Extract every line between the one with "Entraînement en pleine nature du 21.05.2018" and the end of the entries, both included, word for word and free of pictures.

[Image-caption web data]
==================================================

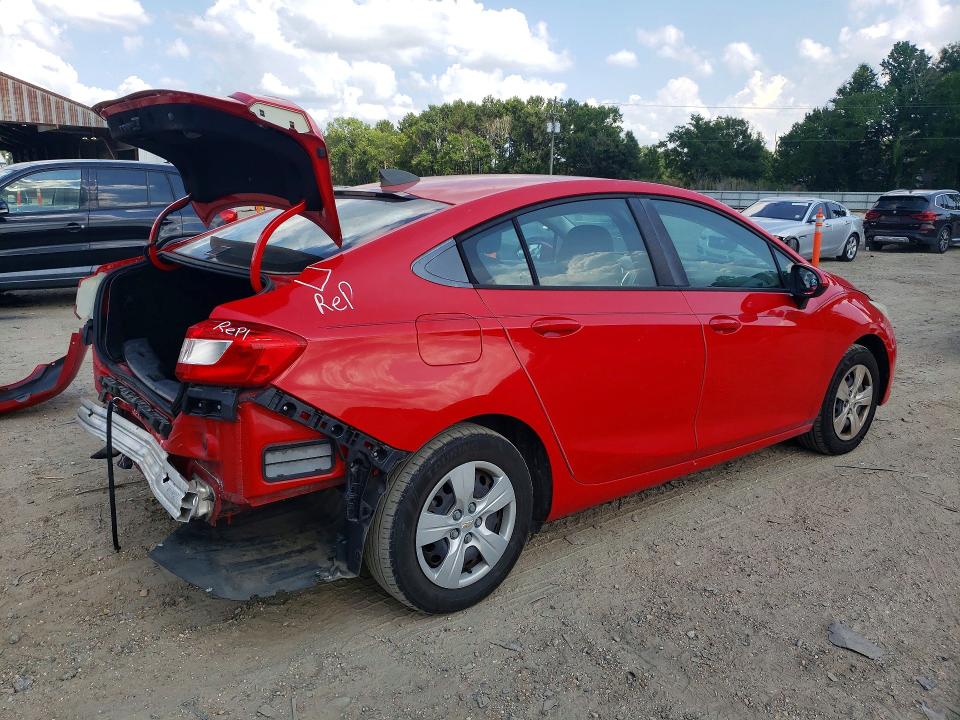 Aukcja sprzedaży 2016 Chevrolet Cruze, vin: 1G1BC5SM3G7279855, numer aukcji: 56352766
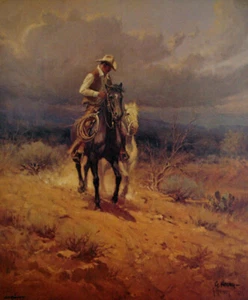 The New Filly - G Harvey - Sign & Number Ltd ED Print - Mint - Picture 1 of 1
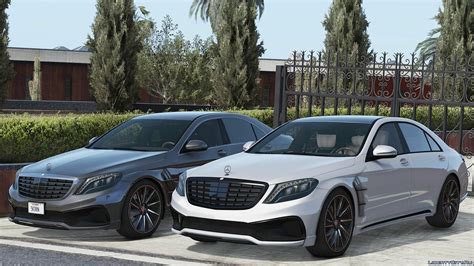 Download Mercedes S Class W222 Wald Black Bison For Gta 5
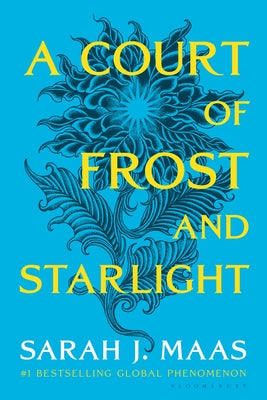 Cover Image for A Court of Frost and Starlight -- Sarah J. Maas, Paperback
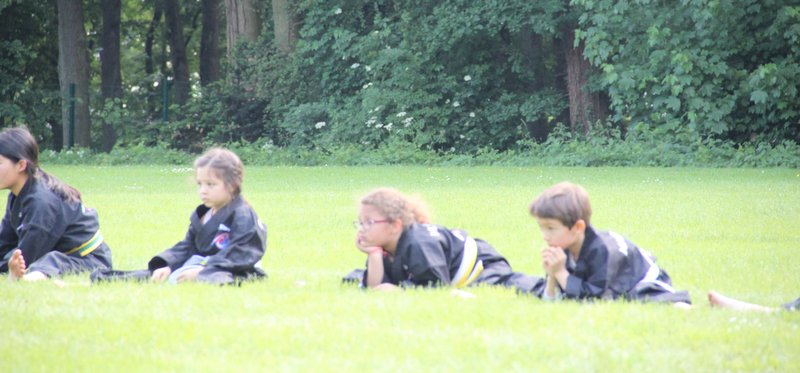 Entraînement en pleine nature du 21.05.2018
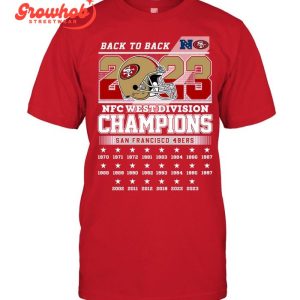 San Francisco 49ers NFC Champs Back2back Baseball Jersey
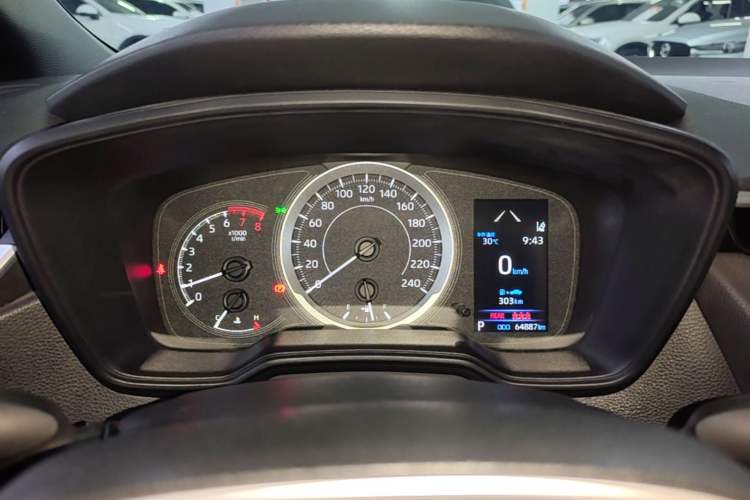 Used Toyota Levin 2019 185T CVT Sport Edition China VI Standard Instrument Cluster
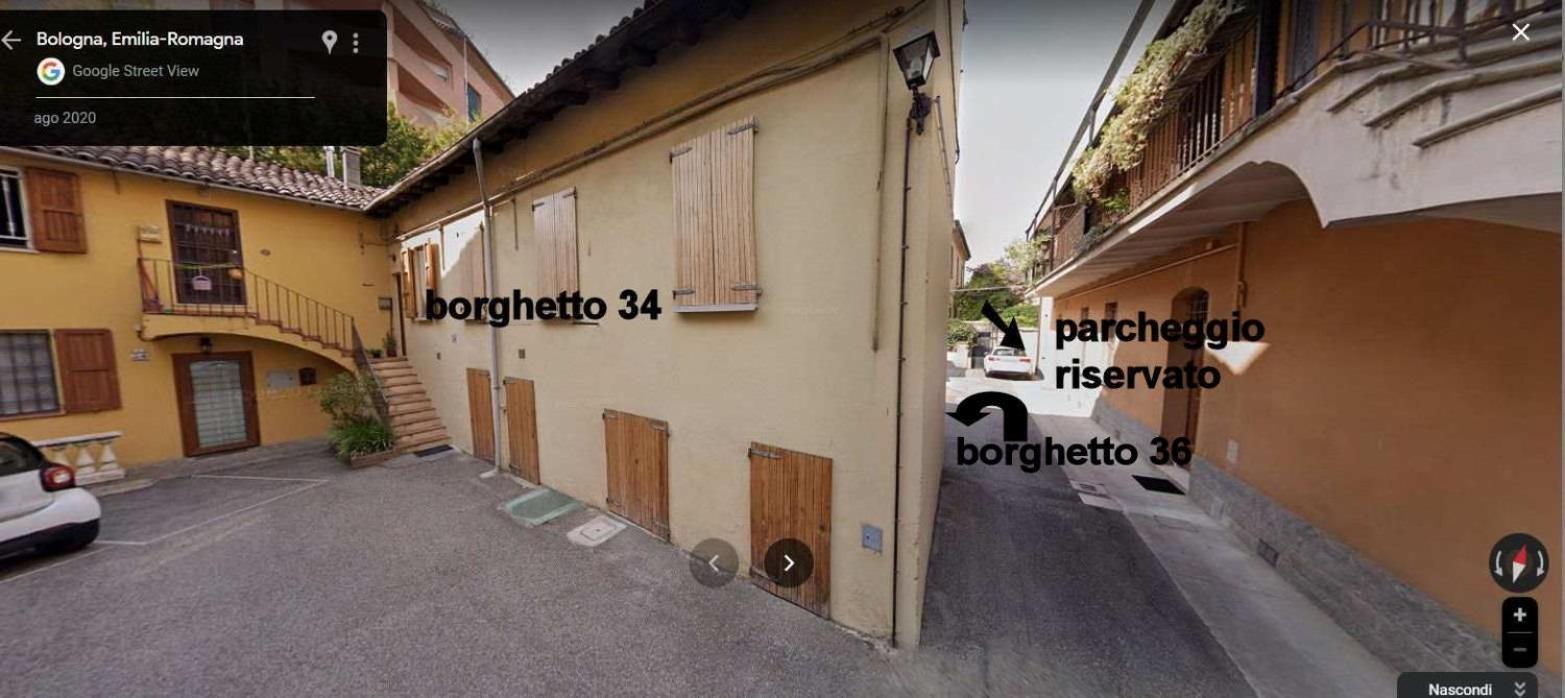 Borghetto 36 Leilighet Bologna Eksteriør bilde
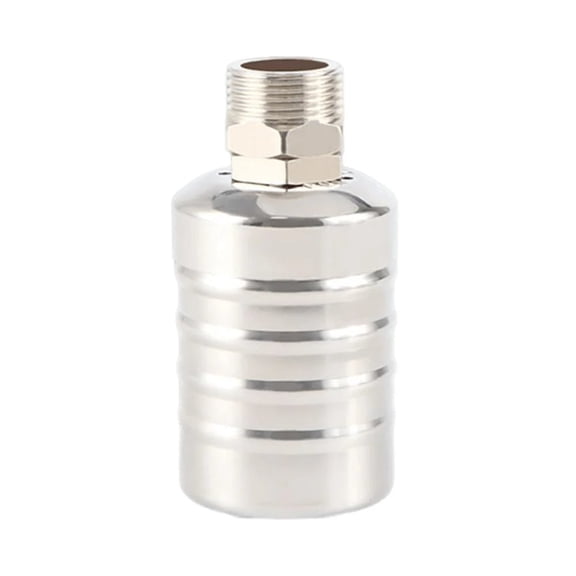 Mareep 304 Stainless Steel Fully Automatic Water Level Control Float Valve, Tank Auto Shut Off Fill Valve for Water Tower Pool Solar Heater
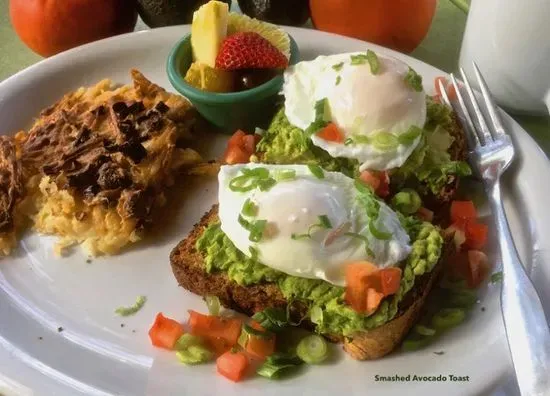 Smashed Avocado Toast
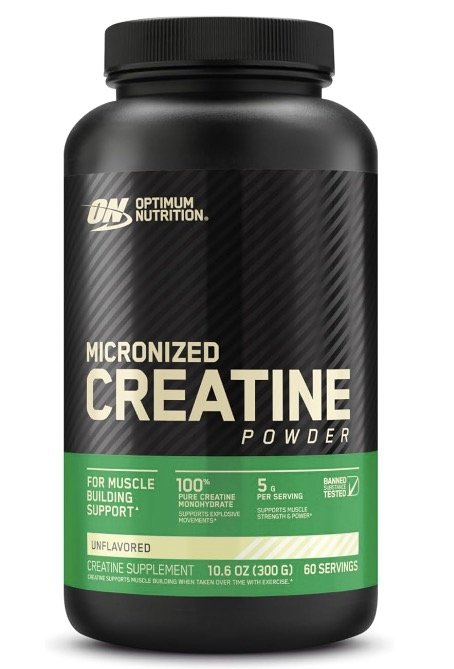 Optimum Nutrition Micronized Creatine Powder/Capsules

==================================================

- [Finished exercise]
 Entraînement en pleine nature du 21.05.2018
 San Francisco 49ers NFC Champs Back2back Baseball Jersey
 Used Toyota Levin 2019 185T CVT Sport Edition China VI Standard Instrument Cluster
 Borghetto 36 Leilighet Bologna Eksteriør bilde
 Mareep 304 Stainless Steel Fully Automatic Water Level Control Float Valve, Tank Auto Shut Off Fill Valve for Water Tower Pool Solar Heater
 Smashed Avocado Toast
 Optimum Nutrition Micronized Creatine Powder/Capsules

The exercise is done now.